• **DATA EXCERPTS**:
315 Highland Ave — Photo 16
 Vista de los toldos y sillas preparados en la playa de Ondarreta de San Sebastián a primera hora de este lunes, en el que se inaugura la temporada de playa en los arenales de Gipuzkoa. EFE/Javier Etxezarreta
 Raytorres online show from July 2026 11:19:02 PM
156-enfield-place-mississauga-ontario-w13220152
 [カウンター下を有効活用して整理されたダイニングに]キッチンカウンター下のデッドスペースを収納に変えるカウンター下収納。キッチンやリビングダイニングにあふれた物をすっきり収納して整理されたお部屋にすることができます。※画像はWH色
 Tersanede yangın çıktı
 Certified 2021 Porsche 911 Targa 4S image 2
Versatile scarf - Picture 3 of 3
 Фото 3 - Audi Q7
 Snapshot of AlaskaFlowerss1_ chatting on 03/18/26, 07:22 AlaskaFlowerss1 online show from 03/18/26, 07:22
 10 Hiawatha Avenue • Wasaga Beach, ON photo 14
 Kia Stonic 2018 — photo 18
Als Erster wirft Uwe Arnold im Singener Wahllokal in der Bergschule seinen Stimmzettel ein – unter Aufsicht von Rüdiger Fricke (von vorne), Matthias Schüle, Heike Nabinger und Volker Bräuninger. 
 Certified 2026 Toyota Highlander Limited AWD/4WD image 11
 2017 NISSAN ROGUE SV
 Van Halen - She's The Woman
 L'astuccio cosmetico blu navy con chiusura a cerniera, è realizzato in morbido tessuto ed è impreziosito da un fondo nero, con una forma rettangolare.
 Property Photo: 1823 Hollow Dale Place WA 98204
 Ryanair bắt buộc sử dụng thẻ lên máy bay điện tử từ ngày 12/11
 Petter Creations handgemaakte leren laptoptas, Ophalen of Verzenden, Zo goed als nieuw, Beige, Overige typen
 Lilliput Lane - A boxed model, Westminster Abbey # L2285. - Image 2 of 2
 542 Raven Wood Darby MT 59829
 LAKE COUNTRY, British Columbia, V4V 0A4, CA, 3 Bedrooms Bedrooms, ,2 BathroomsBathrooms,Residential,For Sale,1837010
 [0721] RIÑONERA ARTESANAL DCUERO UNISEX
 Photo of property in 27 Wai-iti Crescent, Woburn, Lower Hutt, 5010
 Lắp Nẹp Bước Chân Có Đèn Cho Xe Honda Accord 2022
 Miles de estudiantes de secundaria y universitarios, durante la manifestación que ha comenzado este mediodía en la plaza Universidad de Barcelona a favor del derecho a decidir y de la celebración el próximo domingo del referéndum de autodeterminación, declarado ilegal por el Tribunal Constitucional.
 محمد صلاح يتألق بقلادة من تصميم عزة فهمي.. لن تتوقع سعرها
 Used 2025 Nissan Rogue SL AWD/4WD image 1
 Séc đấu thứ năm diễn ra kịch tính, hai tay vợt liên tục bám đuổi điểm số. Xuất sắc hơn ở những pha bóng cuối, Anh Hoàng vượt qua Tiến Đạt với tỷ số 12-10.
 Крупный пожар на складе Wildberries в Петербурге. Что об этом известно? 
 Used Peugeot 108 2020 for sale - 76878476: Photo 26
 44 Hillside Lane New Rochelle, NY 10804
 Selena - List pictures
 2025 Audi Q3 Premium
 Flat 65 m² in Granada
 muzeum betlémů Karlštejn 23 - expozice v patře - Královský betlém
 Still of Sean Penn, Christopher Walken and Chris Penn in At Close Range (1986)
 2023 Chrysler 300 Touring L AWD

• **AIM OF THE EXERCISE**:
From the opening line of the data above through the line holding "Vista de los", give every line again exactly as it stands.

• **SOLUTION**:
315 Highland Ave — Photo 16
 Vista de los toldos y sillas preparados en la playa de Ondarreta de San Sebastián a primera hora de este lunes, en el que se inaugura la temporada de playa en los arenales de Gipuzkoa. EFE/Javier Etxezarreta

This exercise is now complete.